Definition of closeness in English:



mass noun
  • 1The quality of being only a short distance away or apart in space or time.

    ‘the geographical closeness of our two countries’
    ‘the translator's closeness to the original time period’
    • ‘The weather is hot because of the country's closeness to the equator.’
    • ‘The headquarters' closeness to the local research community facilitates joint projects and the transfer of knowledge.’
    • ‘Though he approves of the road's closeness to the city center, he expresses concern at the proposed capacity of 50,000.’
    • ‘Not only was he craving closeness to the beach, he was charmed by the studio's location set in the historic area of trendy Fort Lauderdale.’
    • ‘This will be governed by such issues as proximity to schools for the children, and closeness to key transport points.’
    • ‘This would involve her decision to have geographic closeness to her aging parents.’
    • ‘Food customs were not shaped by proximity to freshwater and ocean catches, or closeness to the border of another country.’
    • ‘Church seating and proximity to sacred space, in the form of closeness to the altar, were carefully regulated according to social status.’
    • ‘Its closeness to the canalized river must have provided plentiful water for irrigation of its trees and plants.’
    • ‘Given their closeness in time, it comes as no surprise to find these two buildings have certain features in common.’
    1. 1.1 The state of being narrowly enclosed.
      ‘the claustrophobic closeness of the living quarters’
      • ‘I now liked the room for all of the reasons it was undesirable—for its airless closeness, for its darkness.’
      • ‘The closeness of the space made the viewers feel as though they were in the picture with the figures.’
      • ‘Others complain of the meeting room’s closeness, the odors of past lunches, and noise through the walls.’
      • ‘The director opts for claustrophobic closeness over panorama.’
      • ‘In the stuffy closeness of the elevator, we count off the floors one by one until the ping signals that we’re at the top.’
      • ‘She is sweating in the musty closeness of the crawlspace.’
      • ‘He speculates that the closeness of the enclosure wall hid the burial mound from view.’
      • ‘It worked well in the space, with the closeness of the passageway and the angle of the walls.’
      • ‘The closeness of garbage informs the film, which dwells on images of the garbage truck and the two garbage men wrestling each other amid piles of rubbish.’
      • ‘The uncomfortable closeness of the diner, where virtually the whole film takes place, does add some sense of intensity.’
    2. 1.2 The quality of having only a small margin between winner and loser.
      ‘the closeness of the race’
      ‘the scoreline did not reflect the closeness of the contest’
      • ‘He concludes that bilingualism was a failed social experiment because of the closeness of the referendum.’
      • ‘Everything is out of proportion, except the closeness of the electoral race.’
      • ‘Discussion of a broad mandate for the president to enact his higher education agenda is premature, given the closeness of the election.’
      • ‘I think a greater effect will be the closeness of the margin in the Congress.’
      • ‘Because of the closeness of the presidential race, the role of the electors is being scrutinized as never before.’
      • ‘Given the closeness of the eventual result, it seems likely that his monetary muscle may have been decisive.’
      • ‘The closeness of the defeat in many ways characterized their season, which ended with an 11-16 overall record.’
      • ‘This game illustrated the closeness of the competition in this league.’
      • ‘Its supporters were dismayed by the defeat but heartened by the closeness of the vote.’
      • ‘The closeness of the score made it exciting, but there were very few good individual plays.’
  • 2The quality of affection or intimacy in a relationship.
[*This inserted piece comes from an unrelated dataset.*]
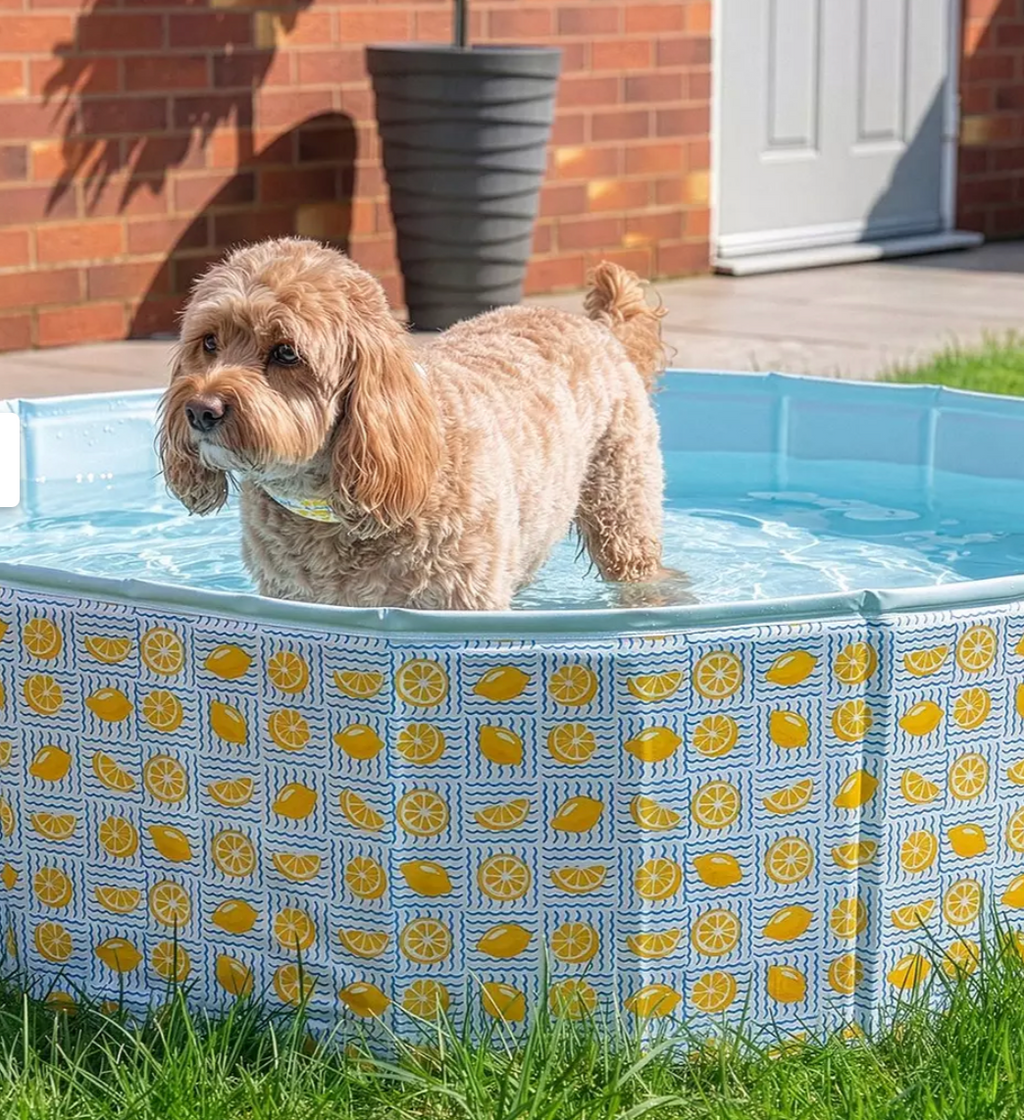 Dog paddling pool lemon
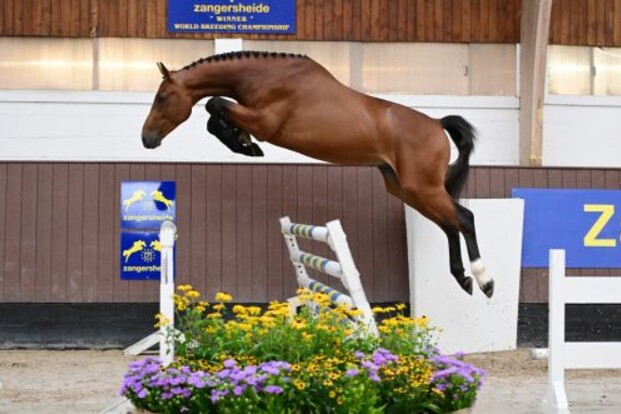 Tweejarige Diamant de Semilly-hengst topkavel in Zangersheide Quality Auction for Young Horses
    ‘moments of closeness with friends and family members’
    • ‘He provides her with the closeness she desperately needs, and she finds someone to care for.’
    • ‘He is troubled by his wife's increasing closeness with her platonic friend Brad.’
    • ‘She was my sister, but it wasn't like a special closeness or something.’
    • ‘In 1965, such man/boy closeness was considered acceptable.’
    • ‘Rarely have I seen so much respect, attachment, and closeness between a teacher and his students.’
    • ‘He felt better for his closeness to her, but still not happy.’
    • ‘The growing closeness between master and servant cannot go unnoticed, and it becomes a threat to the ordered household.’
    • ‘He is not good at communicating, and he distrusts closeness or intimacy because of his experience of divorce.’
    • ‘Their closeness conveys a subtle intimacy, as if each found her reflection in the mirror of the other's soul.’
    • ‘I missed the closeness we had once shared.’
    1. 2.1 The quality or state of having a strong resemblance or connection.
      ‘apes are often selected due to their evolutionary closeness to humans’
      • ‘The primary question in the present context is whether this represents a closeness to known Shakespeare texts.’
      • ‘Writers have noted this closeness between reading and writing, rather less anxiously than Eliot's essay does.’
      • ‘The closeness of her account to that of Teresa's childhood illness and cure means that, in many ways, she was indeed calling on the pre-written.’
      • ‘On the one hand, I think the closeness of the adaptation is really quite neat, but on the other, I wonder, "Why not just read the book?"’
      • ‘Because of the closeness of the words 'composition' and 'composure,' it might seem that the intellectual aspect of the activity is what matters most.’
      • ‘Through the 1940s, this group of writers had an established literary, cultural closeness.’
      • ‘The closeness to, but difference from, the male fantasy provides a visual metaphor for the conflict between male and female representations of female space.’
      • ‘I am aware of the closeness of Cocteau's journal to my own designs, a closeness that is of the design anyway.’
      • ‘Critics vary somewhat in the closeness with which they make such general propositions fit individual writers.’
      • ‘To appreciate the closeness of language and selfhood in his poetry, an awareness of the strong link between the two in 16th-century England is necessary.’
  • 3The quality of being done in an attentive and thorough way.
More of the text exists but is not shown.